Task statement:
Within the material below, transcribe exactly the lines from the one holding "this 710×532 image." through the one holding "this 545×372 image.", keeping both ends and skipping the rest.
====
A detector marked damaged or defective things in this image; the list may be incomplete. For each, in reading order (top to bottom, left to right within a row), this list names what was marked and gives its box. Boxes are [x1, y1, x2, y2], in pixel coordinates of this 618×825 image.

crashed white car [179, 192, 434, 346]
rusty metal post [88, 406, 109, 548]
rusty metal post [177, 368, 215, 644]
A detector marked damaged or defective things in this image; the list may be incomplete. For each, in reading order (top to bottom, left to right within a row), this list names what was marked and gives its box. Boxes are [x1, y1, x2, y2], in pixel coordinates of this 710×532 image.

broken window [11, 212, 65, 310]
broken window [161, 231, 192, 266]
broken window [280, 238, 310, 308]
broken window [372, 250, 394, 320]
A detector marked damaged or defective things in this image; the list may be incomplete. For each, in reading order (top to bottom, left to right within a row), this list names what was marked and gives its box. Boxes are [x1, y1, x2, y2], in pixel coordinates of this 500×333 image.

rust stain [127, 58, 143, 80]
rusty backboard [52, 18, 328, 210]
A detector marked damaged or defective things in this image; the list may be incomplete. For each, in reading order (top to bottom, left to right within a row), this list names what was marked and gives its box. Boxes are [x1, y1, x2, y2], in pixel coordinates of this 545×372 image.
====
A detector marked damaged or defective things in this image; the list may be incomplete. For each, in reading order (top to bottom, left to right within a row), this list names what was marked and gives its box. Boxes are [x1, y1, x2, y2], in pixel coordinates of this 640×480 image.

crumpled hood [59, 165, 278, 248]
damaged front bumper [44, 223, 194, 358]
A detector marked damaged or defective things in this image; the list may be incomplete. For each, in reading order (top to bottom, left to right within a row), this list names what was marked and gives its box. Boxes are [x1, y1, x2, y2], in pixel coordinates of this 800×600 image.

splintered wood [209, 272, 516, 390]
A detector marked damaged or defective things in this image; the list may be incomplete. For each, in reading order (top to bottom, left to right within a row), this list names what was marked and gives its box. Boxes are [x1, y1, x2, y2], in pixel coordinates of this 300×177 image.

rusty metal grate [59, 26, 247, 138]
====
The completed task:
A detector marked damaged or defective things in this image; the list may be incomplete. For each, in reading order (top to bottom, left to right within a row), this list names what was marked and gives its box. Boxes are [x1, y1, x2, y2], in pixel coordinates of this 710×532 image.

broken window [11, 212, 65, 310]
broken window [161, 231, 192, 266]
broken window [280, 238, 310, 308]
broken window [372, 250, 394, 320]
A detector marked damaged or defective things in this image; the list may be incomplete. For each, in reading order (top to bottom, left to right within a row), this list names what was marked and gives its box. Boxes are [x1, y1, x2, y2], in pixel coordinates of this 500×333 image.

rust stain [127, 58, 143, 80]
rusty backboard [52, 18, 328, 210]
A detector marked damaged or defective things in this image; the list may be incomplete. For each, in reading order (top to bottom, left to right within a row), this list names what was marked and gives its box. Boxes are [x1, y1, x2, y2], in pixel coordinates of this 545×372 image.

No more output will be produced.